Dataset items

===============

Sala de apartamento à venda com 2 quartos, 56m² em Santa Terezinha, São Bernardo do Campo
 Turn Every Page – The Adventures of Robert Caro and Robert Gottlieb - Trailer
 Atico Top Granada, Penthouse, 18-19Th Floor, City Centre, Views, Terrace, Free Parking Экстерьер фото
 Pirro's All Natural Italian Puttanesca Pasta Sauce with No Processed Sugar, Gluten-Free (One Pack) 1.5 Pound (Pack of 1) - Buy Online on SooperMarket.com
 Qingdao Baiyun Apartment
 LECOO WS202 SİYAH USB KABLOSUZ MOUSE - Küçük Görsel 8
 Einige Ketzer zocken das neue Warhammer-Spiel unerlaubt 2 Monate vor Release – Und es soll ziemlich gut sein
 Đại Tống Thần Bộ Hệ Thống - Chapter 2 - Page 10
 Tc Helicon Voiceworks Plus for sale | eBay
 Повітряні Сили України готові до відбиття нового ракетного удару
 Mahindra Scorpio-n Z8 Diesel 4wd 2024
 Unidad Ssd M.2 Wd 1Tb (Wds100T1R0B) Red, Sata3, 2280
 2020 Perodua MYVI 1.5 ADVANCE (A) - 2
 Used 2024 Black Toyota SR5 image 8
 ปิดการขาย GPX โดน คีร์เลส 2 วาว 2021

===============

■ AIM OF THE EXERCISE
Retype all of the entries shown above, exactly.

■ TASK SOLUTION
Sala de apartamento à venda com 2 quartos, 56m² em Santa Terezinha, São Bernardo do Campo
 Turn Every Page – The Adventures of Robert Caro and Robert Gottlieb - Trailer
 Atico Top Granada, Penthouse, 18-19Th Floor, City Centre, Views, Terrace, Free Parking Экстерьер фото
 Pirro's All Natural Italian Puttanesca Pasta Sauce with No Processed Sugar, Gluten-Free (One Pack) 1.5 Pound (Pack of 1) - Buy Online on SooperMarket.com
 Qingdao Baiyun Apartment
 LECOO WS202 SİYAH USB KABLOSUZ MOUSE - Küçük Görsel 8
 Einige Ketzer zocken das neue Warhammer-Spiel unerlaubt 2 Monate vor Release – Und es soll ziemlich gut sein
 Đại Tống Thần Bộ Hệ Thống - Chapter 2 - Page 10
 Tc Helicon Voiceworks Plus for sale | eBay
 Повітряні Сили України готові до відбиття нового ракетного удару
 Mahindra Scorpio-n Z8 Diesel 4wd 2024
 Unidad Ssd M.2 Wd 1Tb (Wds100T1R0B) Red, Sata3, 2280
 2020 Perodua MYVI 1.5 ADVANCE (A) - 2
 Used 2024 Black Toyota SR5 image 8
 ปิดการขาย GPX โดน คีร์เลส 2 วาว 2021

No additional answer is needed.